From the publisher’s website:
This is the first anthology of the poetry of Yu Chi-whan, the foremost poet of twentieth-century Korea, in English translation. Translated by an admirer of Yu Chi-whan as man and poet, the poems selected for inclusion in this volume provide an overview of his poetic world. Appearing in the chronological order of composition, they range from sheer lyricism to stern diatribe of social injustices and human follies, and finally to calm acceptance and embracement of the cosmic providence. No rhetorical flourish, or intentional display of poetic conceits, is to be found in his lines, only the rotundity of the poet’s voice overflowing with ardor to articulate his messages, which the poet finds hard to put in the confinement of the human tongue. The translator wished to retain the messages and the verbal sinew of the poet’s lines untarnished in the process of translation.
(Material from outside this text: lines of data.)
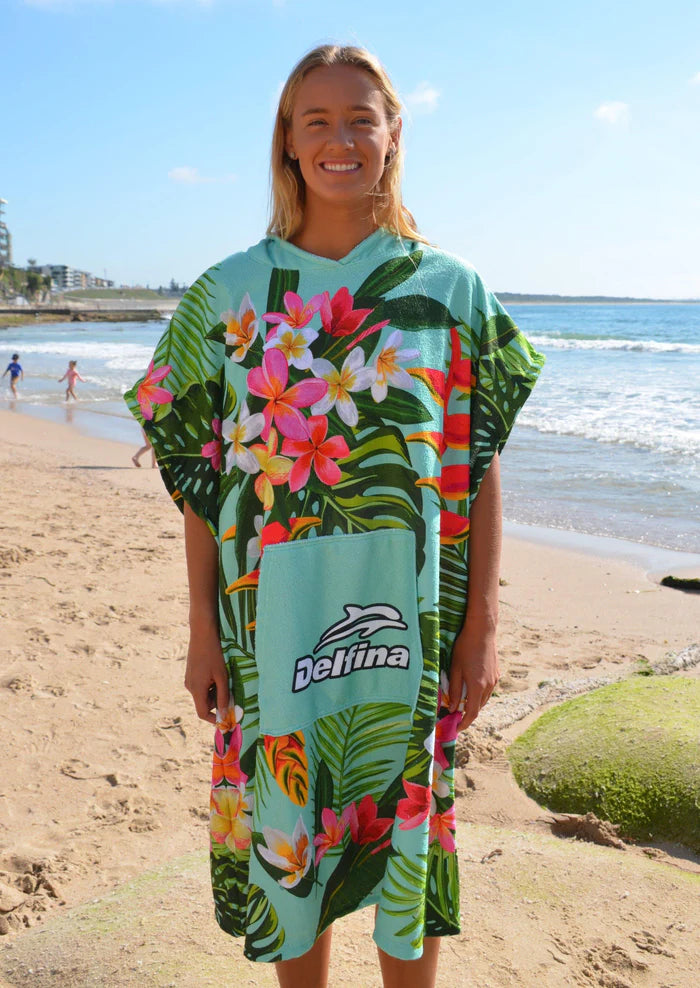 Person wearing a colorful tropical patterned poncho on a beach with ocean and sky in the background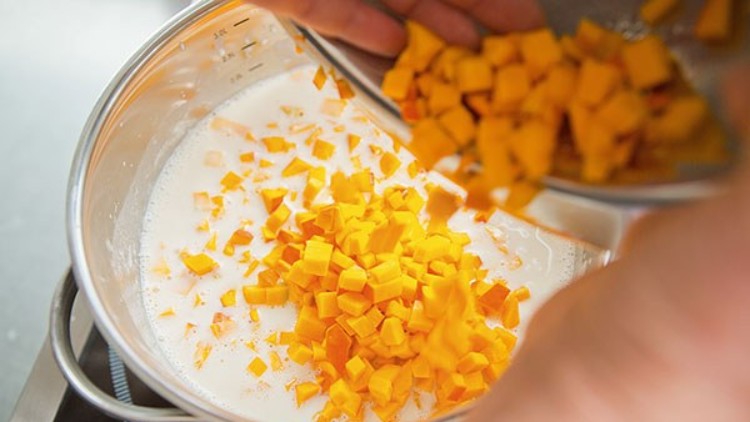 Kleine Würfel aus orangefarbenem Gemüse werden in einen Kochtopf mit heller Flüssigkeit gegeben.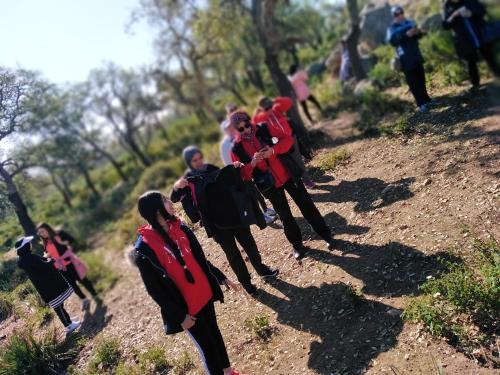 a group of people walking on a dirt road at reda land in O Ben Slimane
Sung-Il Lee has won a number of awards for his English translations of Korean poetry. His books of Korean poetry in English translations include The Wind and the Waves: Four Modern Korean Poets (Asian Humanities Press, 1989), The Moonlit Pond: Korean Classical Poems in Chinese (Copper Canyon Press, 1998), and The Brush and the Sword: Kasa, Korean Classical Poems in Prose (Cross-Cultural Communications, 2009). His most recent book, Beowulf and Four Related Old English Poems: A Verse Translation with Explanatory Notes (The Edwin Mellen Press, 2010), has been acclaimed as “a masterful version as close to an ideal translation as we can get” (Gregory Rabassa). He is now a Professor Emeritus at Yonsei University, Seoul.